Wednesday, November 5, 2008

California Gay Marriage Ban Passes

Gavin Newsom said it best when he stated that California now has the dubious distinction of being the first U.S. State to take away a right that has previously been granted. Proposition 8 passed tonight, writing into our state constitution the refusal of the right of marriage to same-sex couples. The California Supreme Court had previously allowed this right, and now it's been
revoked. Newsom added that, regardless of your moral position as a voter, you can't ignore that California's economy has been so strong for so long because it attracts talented, hard-working young people of all walks of life, gay or straight, and this intiative is saying, "Regardless of your ability, we don't want you." I don't appreciate intrusive moralists, acting as part of a national campaign based in Virginia and organized by fundamentalist elites, taking this social reverse-engineering project upon themselves. This is incredibly disappointing and embarrassing for my chosen home state, a state I'm very proud to call my home.

There are two reasons people often provide (and conflate) in arguing to take away this right. The first is the consequentialist argument. It says: marriage is a fundamental building block of society, and if we allow gay marriage to alter the institution, we'll irreversibly damage society. Guess what? Massachusetts already has it. Spain has it. Canada and other U.S. states have civil unions, and civilization hasn't ended in any of those places. Sorry - the consequentialist argument is dead on arrival.

The other approach to morality is absolutism. The absolutist argument is that gay marriage is wrong because it's wrong, period, no matter the consequences or lack thereof. I have yet to meet a single person making this argument who isn't making it out of religious convictions (and sure enough, the Bible does say to kill gay people). The problem here is that religious convictions are fine, except where they're hurting your neighbor even when your neighbor isn't doing anything that demonstrably hurts you. If, as Jefferson said, he is neither breaking your leg nor picking your pocket, you have nothing to say about him. And real small-government Republican officials agree.

I think it says something that this effort to take away a civil right is one of the few victories of conservatives on Election Day 2008. Do conservatives really want to be known as a force for big intrusive government? It seems the answer is a resounding yes.


Betsy said...

Dear Tom Paine,

I am a liberal. I stumbled upon your page by accident and I am very glad to have done so.
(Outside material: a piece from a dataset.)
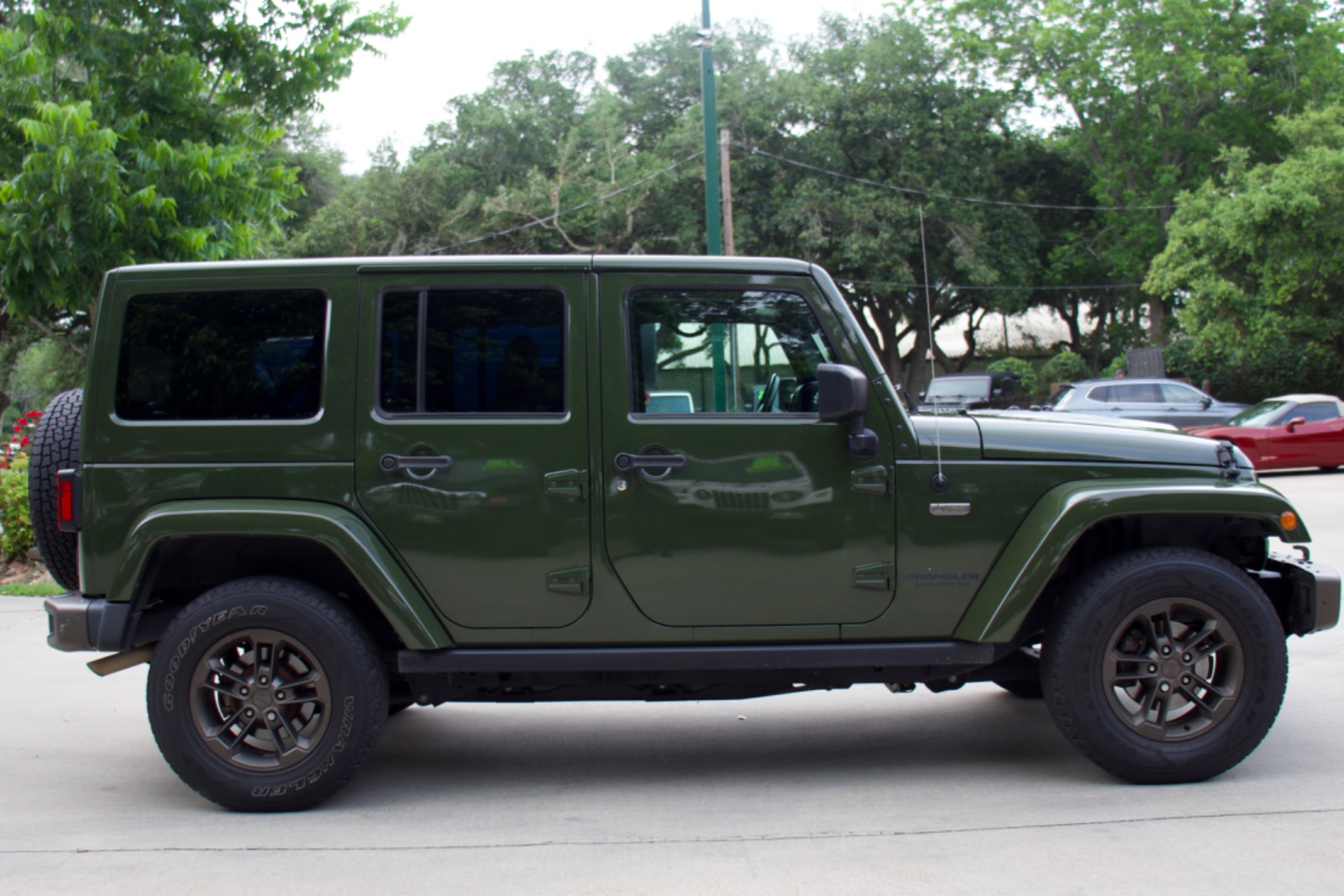 Used-2016-Jeep-Wrangler-Unlimited-Sahara-75th-Anniversary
What happened in this election was nothing more and nothing less than the political pendulum swinging back and forth. I am happy for now, but soon enough you will be happy because the pendulum has swung the other way. This is how things are and how they were meant to be. It is this competiion that is meant to keep the American political process on its toes.

I have been despairing in recent years because of the fusion of church and state. It has been happening so openly, so quickly and with such authority I was afraid that there were no Republicans willing to question it.

Your words about Proposition 8 have given me great peace. My father (a religious Republican with whom I have butted heads many times) once said that well-intentioned people can look at the same set of facts and disagree. I am myself not gay, and would never have an abortion, however these are choices that I would not want to take away from other people. I don't know them, or about their lives. Their choices don't affect me, thus they are none of my business. I think on this at least we can agree.

Thank you for doing this page.


Thomas Paine Jr. said...

I'm glad you liked the post. For me this is an open-and-shut case - it neither picks my pocket or breaks my leg (thank you Jefferson), and I've not yet heard a single argument made in favor of taking away this right from gay people outside of religious bigotry. It's disturbing that voters who describe themselves as in favor of small government aren't troubled at all by interfering in basic rights like this one.